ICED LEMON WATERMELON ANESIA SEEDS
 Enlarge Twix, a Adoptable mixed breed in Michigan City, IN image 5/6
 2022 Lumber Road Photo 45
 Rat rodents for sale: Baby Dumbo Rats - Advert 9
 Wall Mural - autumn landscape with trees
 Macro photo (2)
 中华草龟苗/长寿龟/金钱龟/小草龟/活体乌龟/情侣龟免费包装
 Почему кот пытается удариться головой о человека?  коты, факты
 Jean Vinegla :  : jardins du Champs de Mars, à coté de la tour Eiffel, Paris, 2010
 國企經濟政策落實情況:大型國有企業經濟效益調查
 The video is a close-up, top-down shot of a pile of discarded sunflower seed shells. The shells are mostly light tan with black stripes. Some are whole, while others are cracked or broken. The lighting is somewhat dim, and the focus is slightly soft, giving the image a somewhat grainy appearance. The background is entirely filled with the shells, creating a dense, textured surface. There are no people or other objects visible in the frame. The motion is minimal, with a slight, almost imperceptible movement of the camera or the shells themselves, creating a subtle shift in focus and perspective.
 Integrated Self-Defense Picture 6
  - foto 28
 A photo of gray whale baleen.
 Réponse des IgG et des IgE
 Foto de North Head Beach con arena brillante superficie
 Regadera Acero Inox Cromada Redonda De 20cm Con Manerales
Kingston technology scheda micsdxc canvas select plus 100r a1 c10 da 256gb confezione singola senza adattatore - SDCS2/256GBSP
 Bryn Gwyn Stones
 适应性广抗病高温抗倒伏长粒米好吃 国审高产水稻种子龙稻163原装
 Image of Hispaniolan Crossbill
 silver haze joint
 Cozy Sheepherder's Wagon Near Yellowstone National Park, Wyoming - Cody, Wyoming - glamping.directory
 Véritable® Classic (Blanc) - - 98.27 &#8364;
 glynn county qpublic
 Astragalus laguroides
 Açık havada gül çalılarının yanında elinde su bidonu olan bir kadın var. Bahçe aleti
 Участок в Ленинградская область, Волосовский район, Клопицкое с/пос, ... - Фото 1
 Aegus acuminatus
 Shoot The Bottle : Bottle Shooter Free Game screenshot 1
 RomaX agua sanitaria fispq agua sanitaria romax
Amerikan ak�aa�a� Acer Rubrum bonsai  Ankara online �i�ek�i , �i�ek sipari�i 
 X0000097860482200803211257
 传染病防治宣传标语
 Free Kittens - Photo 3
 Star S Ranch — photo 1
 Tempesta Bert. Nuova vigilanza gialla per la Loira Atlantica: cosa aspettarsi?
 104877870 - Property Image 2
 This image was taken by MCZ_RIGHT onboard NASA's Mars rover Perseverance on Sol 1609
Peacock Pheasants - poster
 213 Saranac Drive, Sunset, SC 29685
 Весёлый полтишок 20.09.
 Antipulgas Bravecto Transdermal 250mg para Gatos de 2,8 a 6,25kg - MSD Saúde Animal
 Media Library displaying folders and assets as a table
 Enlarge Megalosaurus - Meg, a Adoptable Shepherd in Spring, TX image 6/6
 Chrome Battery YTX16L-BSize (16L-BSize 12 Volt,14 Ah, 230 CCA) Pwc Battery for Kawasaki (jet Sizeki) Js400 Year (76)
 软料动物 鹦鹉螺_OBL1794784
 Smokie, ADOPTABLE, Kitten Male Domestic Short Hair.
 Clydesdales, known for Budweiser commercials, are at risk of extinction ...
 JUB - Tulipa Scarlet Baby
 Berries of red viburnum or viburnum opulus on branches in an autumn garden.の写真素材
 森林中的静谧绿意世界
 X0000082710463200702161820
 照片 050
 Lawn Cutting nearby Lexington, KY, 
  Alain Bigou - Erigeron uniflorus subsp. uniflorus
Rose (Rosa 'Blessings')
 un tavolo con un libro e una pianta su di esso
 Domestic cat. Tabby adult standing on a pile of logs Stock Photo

__________

**Directions**
Transcribe exactly, and only, the lines from the one with "213 Saranac Drive, Sunset, SC 29685" through the last line of the data.

**Result of the exercise**
 213 Saranac Drive, Sunset, SC 29685
 Весёлый полтишок 20.09.
 Antipulgas Bravecto Transdermal 250mg para Gatos de 2,8 a 6,25kg - MSD Saúde Animal
 Media Library displaying folders and assets as a table
 Enlarge Megalosaurus - Meg, a Adoptable Shepherd in Spring, TX image 6/6
 Chrome Battery YTX16L-BSize (16L-BSize 12 Volt,14 Ah, 230 CCA) Pwc Battery for Kawasaki (jet Sizeki) Js400 Year (76)
 软料动物 鹦鹉螺_OBL1794784
 Smokie, ADOPTABLE, Kitten Male Domestic Short Hair.
 Clydesdales, known for Budweiser commercials, are at risk of extinction ...
 JUB - Tulipa Scarlet Baby
 Berries of red viburnum or viburnum opulus on branches in an autumn garden.の写真素材
 森林中的静谧绿意世界
 X0000082710463200702161820
 照片 050
 Lawn Cutting nearby Lexington, KY, 
  Alain Bigou - Erigeron uniflorus subsp. uniflorus
Rose (Rosa 'Blessings')
 un tavolo con un libro e una pianta su di esso
 Domestic cat. Tabby adult standing on a pile of logs Stock Photo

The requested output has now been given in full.